Print journalism is obviously an industry that is declining, rather rapidly, with the Fairfax papers collapsing, and, according to the Institute of Public Affairs, an extra 20 to 30 Fairfax journalists were made redundant in the first week of May this year. Fairfax papers are getting thinner and thinner as time goes on. The one produced in an area near where I live is anyway.
Back to to women’s media productions in particular – where do women fit in modern journalism/ on – line publications? Is the genre just too crowded? Too outdated? Is existing media outlets drowning the independent publications out? I do have one theory.
If you look at the post from Andrew Bolt’s blog about the collapse of Anne Summer’s magazine, just looking at the covers, you find a sort of regurgitation of information and commentary from other, more developed outlets, such as Mamamia. It gets to point that women’s media lacks variety in opinion, information and critique. There is a lack of debate on these sites; everyone agrees with one another. At least in Newscorp papers you do have a variety of socio – political opinion and a variety of topics covered:childcare, at – home shopping, same – sex marriage, you name it.

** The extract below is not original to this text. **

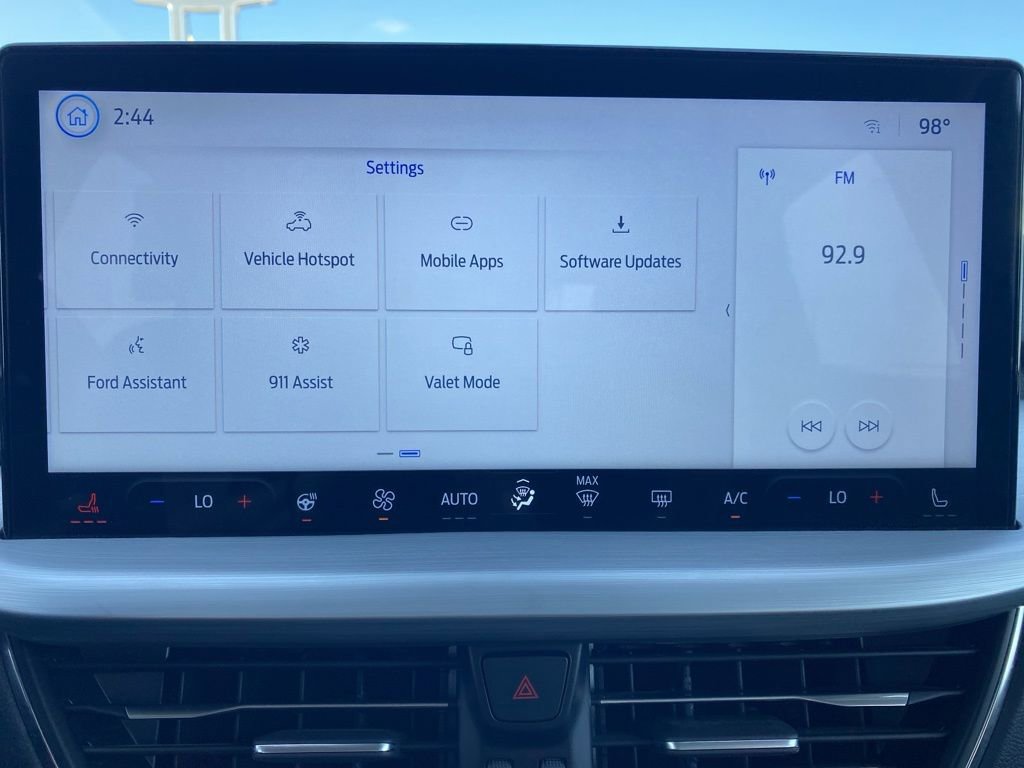 Used 2024 Ford Escape Platinum image 38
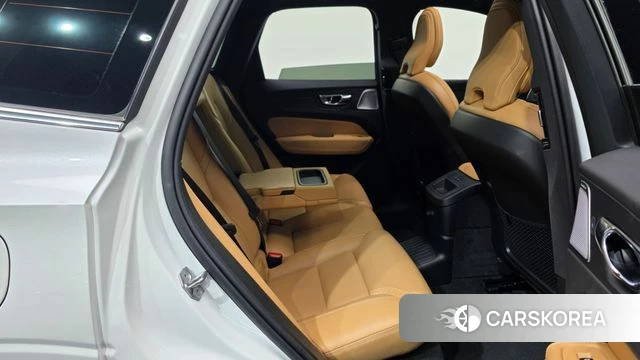 Volvo XC60 second Generation 2020 Белый из Кореи, фото 2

These are topics that raise discussion, debate (sometimes heated) and a platform where different people from different opinions can get a medium that expresses their views. Where as, what does much women’s media cover? Sex? Men? Gay rights? Sure, these topics are talked about everywhere, but maybe that’s the problem. There’s too much of the same – old, same old.
It’s still doesn’t make it any easier though. Young women (and men), who want to pursue journalism and related fields should be able to. I’d hate to see the industry collapse, especially if it gets to a point where there is a lack of diversity in perspectives and publications that people can work for. The market for aspiring journalists, bloggers, writers, etc just seems to be getting smaller and smaller.
So, what do you think? What’s the future for women in media? Is the independent media/ blogosphere just too crowded? Let me know what you think.